La comédie des « charges qui pèsent sur les entreprises »

Partager

Le patronat n’a de cesse de fustiger les prélèvements obligatoires comme obstacle à l’emploi. En dépit de nombreuses baisses de charges ces dernières années, leur bilan en terme de créations d’emplois est faible par rapport à leurs coûts sur les budgets publics. La raison est simple à comprendre : l’emploi constitue toujours un risque pour l’entreprise et une baisse de prélèvements ne fait que baisser ce risque à la marge.

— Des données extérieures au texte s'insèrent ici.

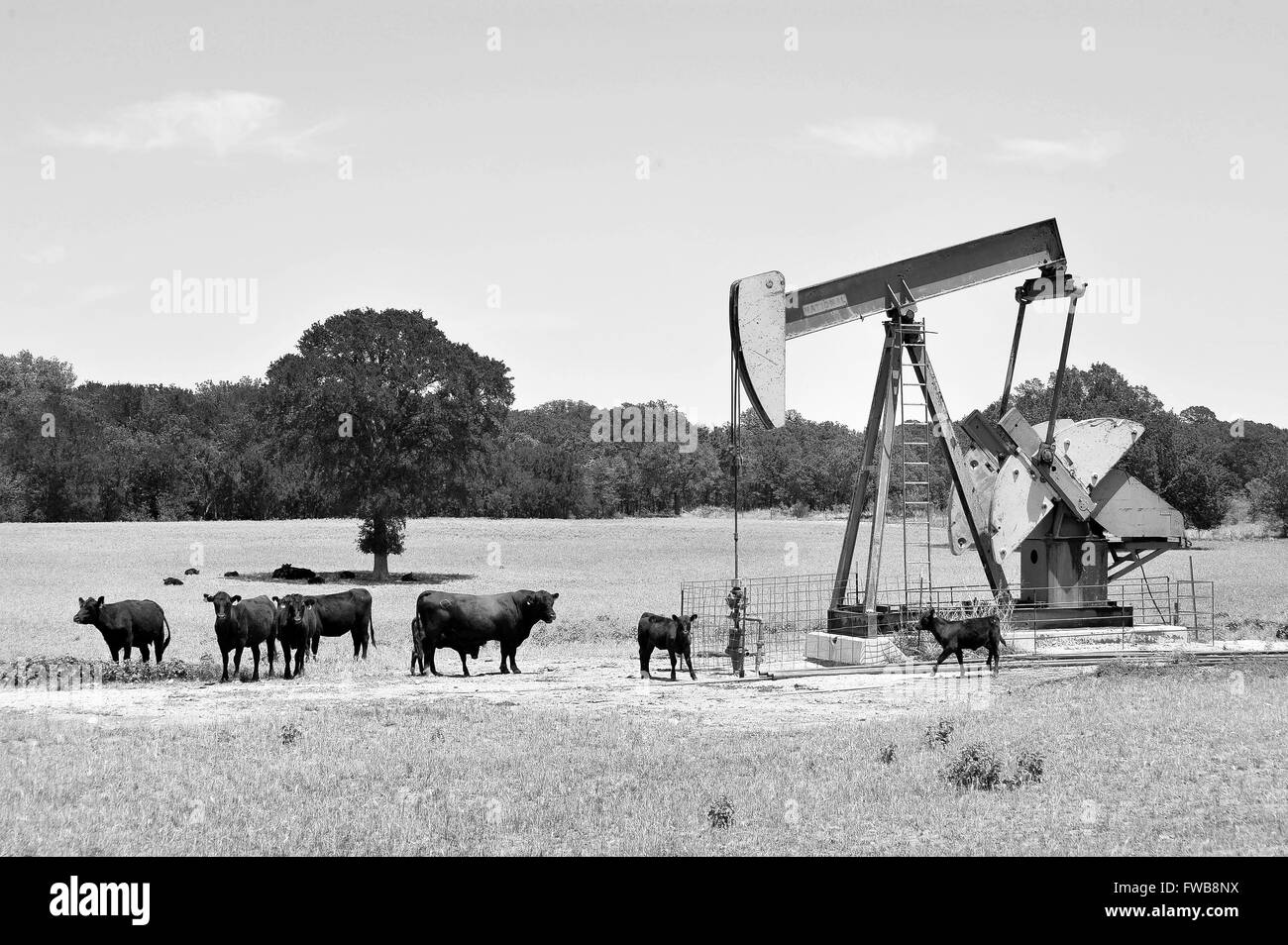 Puits de pétrole du Texas pumper en noir et blanc avec des prix pour votre type. Banque D'Images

Par contre, subventionner significativement chaque emploi aura un effet réellement bénéfique, d’autant que ces subventions peuvent très bien être financées par les entreprises elles-mêmes sans aucune sollicitation des budgets publics.

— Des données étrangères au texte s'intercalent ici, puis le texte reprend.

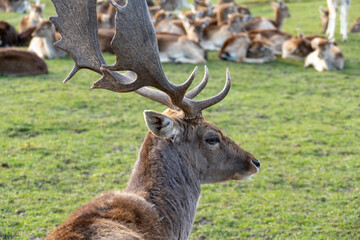Damwild Hirsch mit Schaufelgeweih auf einer Wiese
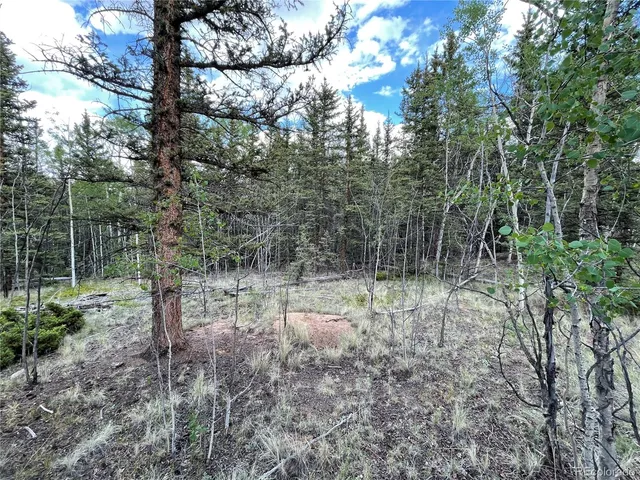 $45,000 | 80 Haida Way, Jefferson, CO 80456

Le 12 septembre, le premier ministre annonçait que la promesse de suppression de la Cotisation sur la valeur ajoutée des entreprises (CVAE) ne se fera pas en 2023 mais sera étalée sur deux ans afin de limiter le déficit de cette année. Les entreprises gagneront 4 milliards d’euros en 2023, puis 8 milliards d’euros dès 2024. Le patronat a alors immédiatement protesté devant cet ajournement qui ne fait que reporter d’une année la moitié de la suppression de la CVAE promise[1]https://www.lesechos.fr/economie-france/budget-fiscalite/impots-de-production-le-patronat-en-colere-1787029.

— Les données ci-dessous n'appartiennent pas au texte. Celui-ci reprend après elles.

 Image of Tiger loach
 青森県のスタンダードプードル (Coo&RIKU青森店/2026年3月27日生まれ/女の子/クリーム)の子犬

Le débat de fond autour de cet échange est l’effet des prélèvements obligatoires sur les entreprises. Pour le patronat, ces prélèvements nuisent à la compétitivité économique de la France et devraient donc être réduits au minimum. Ce principe a été appliqué lors de la mise en place du Crédit d’impôt compétitivité emploi (CICE) instauré sous la présidence Hollande en 2013. Ce crédit d’impôt s’établissait à 4 %, puis 6 % de la masse salariale en dessous de 2,5 Smic. Le CICE a coûté au budget public 19 milliards d’euros en 2018. Lors de sa mise en œuvre en 2013, Pierre Gattaz, président du Medef à l’époque, annonçait fièrement que cela devait créer un million d’emplois.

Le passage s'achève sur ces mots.